Bayesian models and algoritms for protein secondary structure and beta-sheet prediction
MetadataShow full item record
In this thesis, we developed Bayesian models and machine learning algorithms for protein secondary structure and beta-sheet prediction problems. In protein secondary structure prediction, we developed hidden semi-Markov models, N-best algorithms and training set reduction procedures for proteins in the single-sequence category. We introduced three residue dependency models (both probabilistic and heuristic) incorporating the statistically significant amino acid correlation patterns at structural segment borders. We allowed dependencies to positions outside the segments to relax the condition of segment independence.

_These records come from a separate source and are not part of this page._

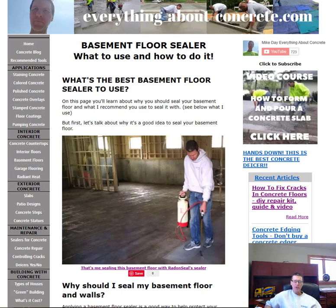Hi, everybody, Mike here with EverythingAboutConcrete.com. In this video I'm going to be talking about basement floor sealer — which one to use and how to apply it. Sometimes when you walk down into your basement you have that musty, damp smell, or maybe your concrete floor is a little chalky or you see that white powdery substance on it. This is the video you're going to want to watch, so stay tuned.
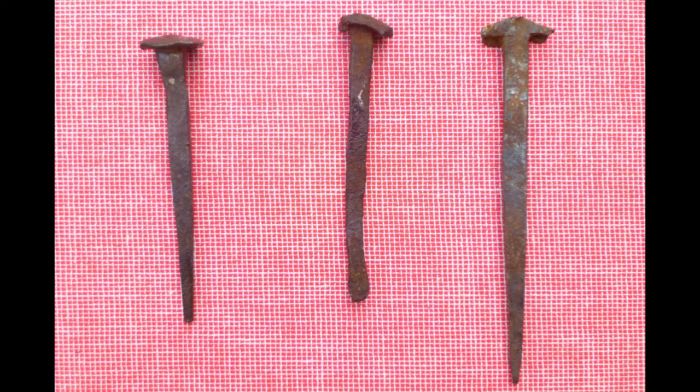Wrought nails are the earliest nails that were used, dating from the 17th century. They were used in the earliest buildings constructed in the 17th century right up into the 19th century for different purposes. Wrought nails are handmade nails made out of wrought iron, and the raw material was nail rod — basically a length of wrought iron rod. The dimensions of that varied depending on the size of the nail.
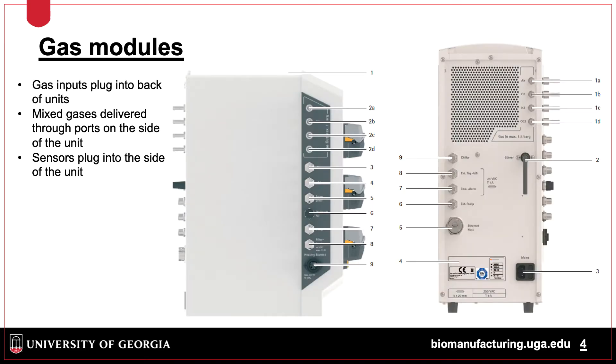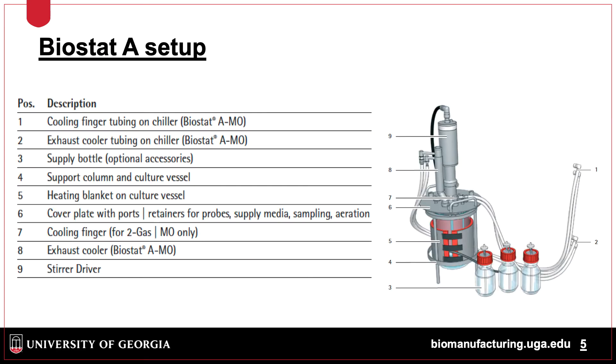To set up, gases are installed in the back of the system and devices called mass flow controllers alter the gas coming out of the side depending on the demands of the culture. Shown here is a typical setup with acid, base, and feed or antifoam bottles. The system utilizes a heat blanket and cooling finger inside the vessel to regulate temperature. The exhaust is cooled in a condenser so liquid does not evaporate, and a stirrer drives the agitation inside the vessel.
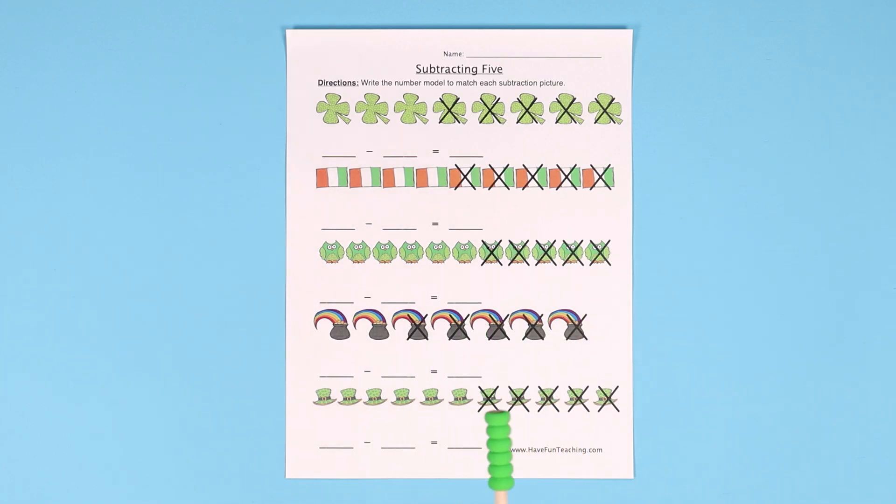This activity is perfect for St. Patrick's Day or any time during the month of March. Your kids are going to love it. Be sure to sign up for Have Fun Teaching today to get this resource included, along with tons of other St. Patrick's Day resources and thousands of worksheets, activities, songs, videos, and more that will help you teach and have fun preschool through 5th grade and give you everything you need for the entire year.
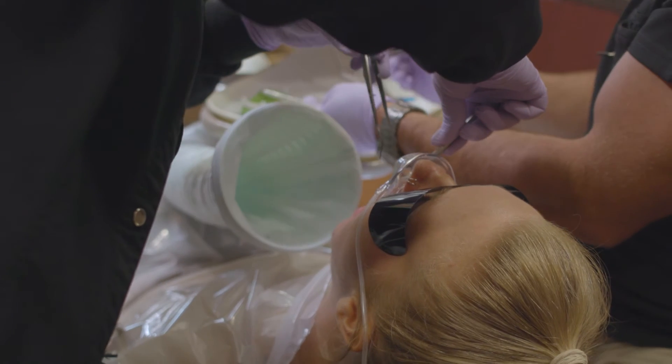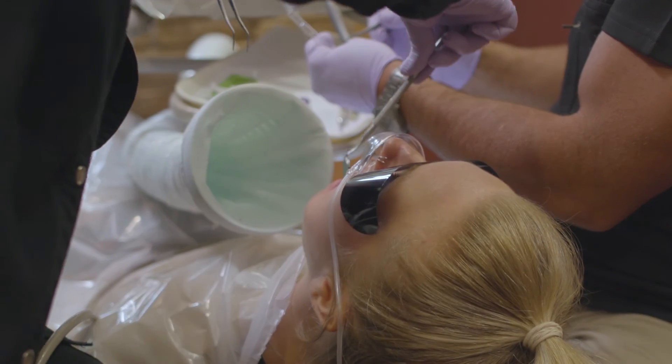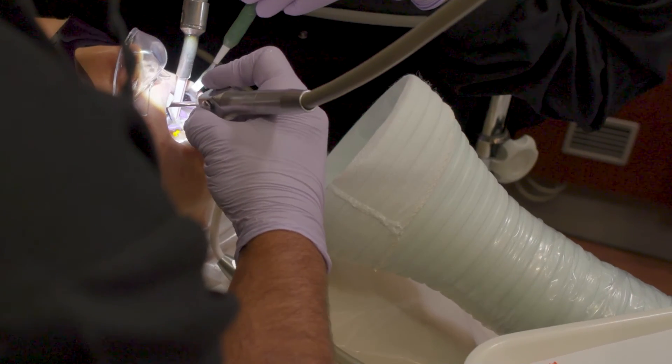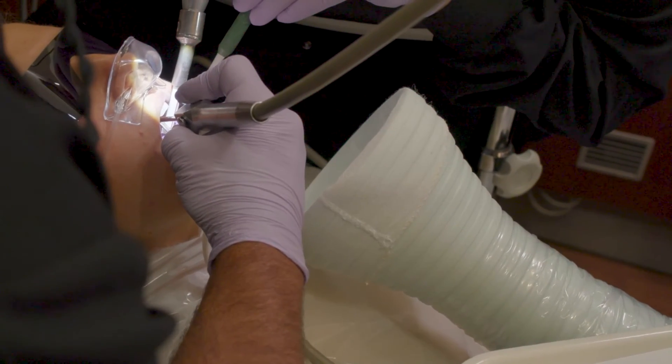We also use an at-source vacuum, which is a large suction device that we place directly at the source of where we're removing the fillings. This helps circulate the air and, more importantly, removes overspray and any possibly harmful mercury vapors that occur when we remove these fillings.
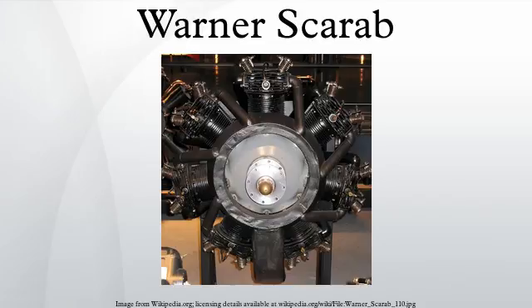Scarab S-50: a seven-cylinder air-cooled radial engine introduced in 1928. With a bore and stroke of 4.25 inches and a compression ratio of 5.2 to 1, the Scarab developed 125 horsepower at 2,050 RPM from 422 cubic inches, with a dry weight of 285 pounds.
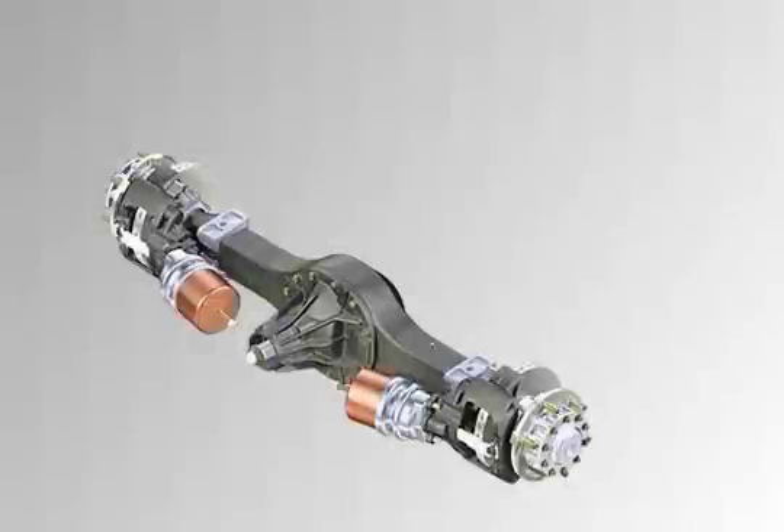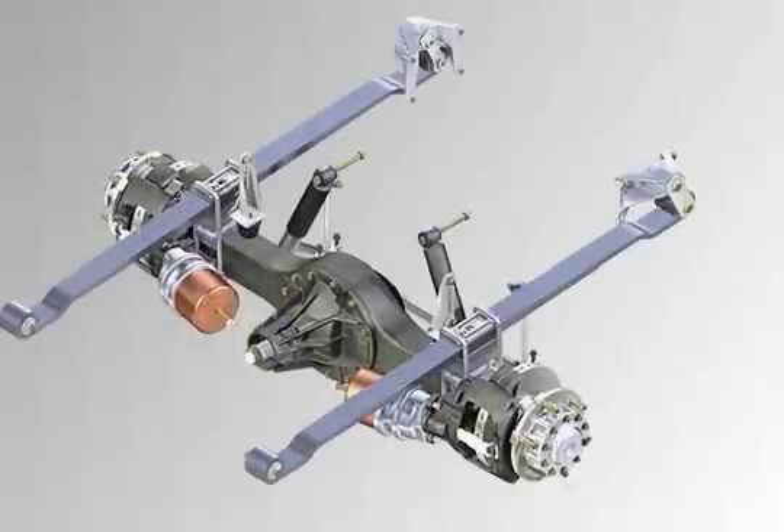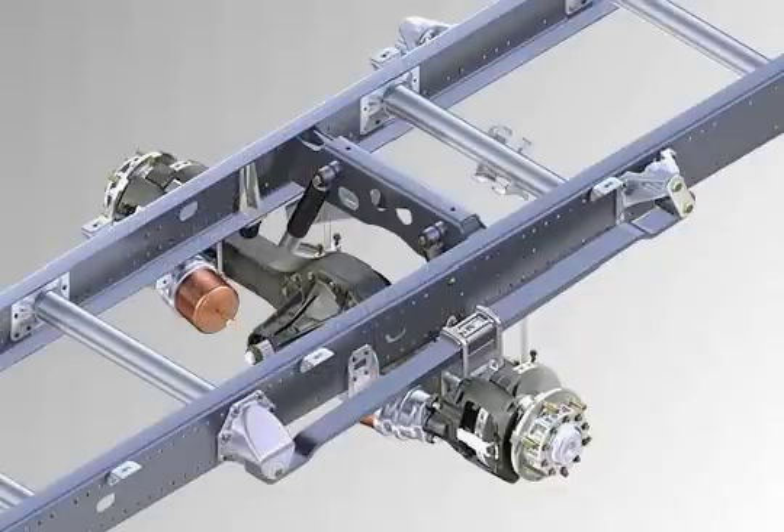Depending on rear axle load-bearing capacity, either one-leaf or two-leaf parabolic springs are standard. The axles with enhanced load-bearing capacity are used to reinforce the spring progression with an auxiliary leaf spring.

Another novelty of the models is the dependency to downstream positions, which is important due to asymmetric correlation patterns observed uniformly in structural segments. Among the dataset reduction methods, we showed that the composition based reduction generated the most accurate results. To incorporate non-local interactions characteristic of beta-sheets, we developed two N-best algorithms and a Bayesian beta-sheet model. In beta-sheet prediction, we developed a Bayesian model to characterize the conformational organization of beta-sheets and efficient algorithms to compute the optimum architecture, which includes beta-strand pairings, interaction types (parallel or anti-parallel) and residue-residue interactions (contact maps). We introduced a Bayesian model for proteins with six or less beta-strands, in which we model the conformational features in a probabilistic framework by combining the amino acid pairing potentials with a priori knowledge of beta-strand organizations. To select the optimum beta-sheet architecture, we analyzed the space of possible conformations by efficient heuristics, in which we significantly reduce the search space by enforcing the amino acid pairs that have strong interaction potentials. For proteins with more than six beta-strands, we first computed beta-strand pairings using the BetaPro method. Then, we computed gapped alignments of the paired beta-strands in parallel and anti-parallel directions and chose the interaction types and beta-residue pairings with maximum alignment scores. Accurate prediction of secondary structure, beta-sheets and non-local contacts should improve the accuracy and quality of the three-dimensional structure prediction.